54.5 Simple function calls

Mathrandom () returns a pseudo-random number in the range of “0.0…1.0”, but for some reason we often need to design a function that returns a value in the range of “0.0…0.5”.

#!java
public class HalfRandom
{
    public static double f()
    {
        return Math.random()/2;
    }
}
Copy the code

The constant area

. #2 = Methodref #18.#19 // Java /lang/ math. ⤦ C random ()D 6(Java) Local Variable Array #3 = Double 2.0 D... #12 = Utf8 ()D ... #18 = Class #22 // java/lang/Math #19 = NameAndType #23:#12 // random:()D #22 = Utf8 java/lang/Math #23 = Utf8 random public static double f(); flags: ACC_PUBLIC, ACC_STATIC Code: stack=4, locals=0, args_size=0 0: Invokestatic #2 // Method Java /⤦ C lang/ math.random :()D 3: ldc2_w #3 // double 2.0 D 6: ddiv 7: dreturnCopy the code

The Java native variable array 916 is statically executed by calling math.random(), which returns the value at the top of the stack. The result is returned by 0.5, but how is the function name encoded? Code in the constant area using a methodres expression that defines the name of the class and method. The first methodref field points to an expression, and second, to a normal text character (” Java /lang/math”). The second methodref expression points to a name and type expression, linking two characters at the same time. The first method has a string of the name “random” and the second string is “()D” to encode the function type. It assumes that these two values (and therefore D is a string) are in such a way that the JVM can check the correctness of the data type: 2) The Java decompiler can modify the data type from the compiled class file.
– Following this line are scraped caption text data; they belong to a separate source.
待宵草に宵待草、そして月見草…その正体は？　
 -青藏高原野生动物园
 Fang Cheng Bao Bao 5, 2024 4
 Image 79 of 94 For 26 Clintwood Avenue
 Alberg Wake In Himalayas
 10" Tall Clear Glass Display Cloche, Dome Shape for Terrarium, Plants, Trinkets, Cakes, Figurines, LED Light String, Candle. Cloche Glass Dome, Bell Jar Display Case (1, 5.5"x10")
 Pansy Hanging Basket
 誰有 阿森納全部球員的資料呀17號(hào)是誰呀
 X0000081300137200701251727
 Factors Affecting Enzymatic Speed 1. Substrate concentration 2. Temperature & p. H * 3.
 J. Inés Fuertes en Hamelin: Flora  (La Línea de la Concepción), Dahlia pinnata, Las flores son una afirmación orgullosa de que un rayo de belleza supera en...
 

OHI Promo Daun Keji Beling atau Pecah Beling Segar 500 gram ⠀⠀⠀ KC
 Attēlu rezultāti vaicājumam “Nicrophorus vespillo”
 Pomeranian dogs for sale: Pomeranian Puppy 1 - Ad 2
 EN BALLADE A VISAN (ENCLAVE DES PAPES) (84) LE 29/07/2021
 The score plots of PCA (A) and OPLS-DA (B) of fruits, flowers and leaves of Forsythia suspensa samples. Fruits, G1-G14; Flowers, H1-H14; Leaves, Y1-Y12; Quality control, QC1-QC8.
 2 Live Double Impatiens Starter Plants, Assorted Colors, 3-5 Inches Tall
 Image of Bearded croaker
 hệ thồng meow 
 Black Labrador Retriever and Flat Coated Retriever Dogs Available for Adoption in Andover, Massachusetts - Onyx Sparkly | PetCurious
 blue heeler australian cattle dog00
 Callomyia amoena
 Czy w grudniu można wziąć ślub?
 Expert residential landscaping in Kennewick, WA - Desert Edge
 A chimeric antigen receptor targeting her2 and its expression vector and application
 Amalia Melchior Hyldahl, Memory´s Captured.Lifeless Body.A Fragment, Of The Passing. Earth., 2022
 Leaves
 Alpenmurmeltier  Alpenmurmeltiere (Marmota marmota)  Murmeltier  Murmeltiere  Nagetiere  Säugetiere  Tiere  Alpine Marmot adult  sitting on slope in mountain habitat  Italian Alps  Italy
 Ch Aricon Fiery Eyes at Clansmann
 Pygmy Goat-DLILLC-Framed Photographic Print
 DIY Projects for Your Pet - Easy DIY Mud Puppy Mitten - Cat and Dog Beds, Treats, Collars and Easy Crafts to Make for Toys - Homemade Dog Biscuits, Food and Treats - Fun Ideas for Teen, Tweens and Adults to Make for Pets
Finally, we tried using “Hello, world!” As an example.

#!java
public class HelloWorld
{
    public static void main(String[] args)
    {
        System.out.println("Hello, World");
    }
}
Copy the code

The constant area

917 constant LDC line offset 3, pointing to “Hello, world!” String, and push it onto the stack, which in Java is called drinking, which is really just a pointer, or an address.

. #2 = Fieldref #16.#17 // Java /lang/ system. ⤦ C out:Ljava/ IO /PrintStream; #3 = String #18 // Hello, World #4 = Methodref #19.#20 // Java/IO /⤦ V ... #16 = Class #23 // Java /lang/System #17 = NameAndType #24:#25 // out:Ljava/ IO /⤦ C PrintStream; #18 = Utf8 Hello, World #19 = Class #26 // Java/IO /⤦ C PrintStream #20 = NameAndType #27:#28 // println:(Ljava/⤦ C lang/String) V ... #23 = Utf8 java/lang/System #24 = Utf8 out #25 = Utf8 Ljava/io/PrintStream; #26 = Utf8 java/io/PrintStream #27 = Utf8 println #28 = Utf8 (Ljava/lang/String;) V ... public static void main(java.lang.String[]); flags: ACC_PUBLIC, ACC_STATIC Code: stack=2, locals=1, args_size=1 0: Getstatic # 2 / / Field Java/lang ⤦ C/System. Out: Ljava/IO/PrintStream; 3: LDC #3 // String Hello, ⤦ C World 5: invokevirtual #4 // Method Java/IO ⤦ C/printstream.println: Ljava/lang/String;) V 8: returnCopy the code

The common invokevirtual directive takes the information from the constant area and calls the pringln() method. It seems that we know println() is applicable to all types of data. My version of the println() function presets the string type.

But what does the first getStatic directive do? This directive takes a reference or address to a field of object information. So inside print method takes two arguments: 1 to the object’s this pointer and 2) the address of the string “hello, world”. Indeed, println() is called outside of the object being initialized, For convenience, Javap uses tools to write all the information into comments.

54.6 Calling beep()

This is probably the easiest way to call two functions with no arguments.

#! java public static void main(String[] args) { java.awt.Toolkit.getDefaultToolkit().beep(); };Copy the code
#! bash public static void main(java.lang.String[]); flags: ACC_PUBLIC, ACC_STATIC Code: stack=1, locals=1, args_size=1 0: Invokestatic # 2 / Java/Method / ⤦ C awt/Toolkit getDefaultToolkit: () Ljava/awt/Toolkit; 3: Invokevirtual #3 // Method Java /⤦ C awt/Toolkit. Beep :()V 6: returnCopy the code

First, invokeStatic invokes the Javaawt.Tooltool.getDefaulttookKit () function at line 0 offset, which returns a reference to the Toolkit class object, and invokedvirtualIFge invokes the beep () method of that class at line 3 offset.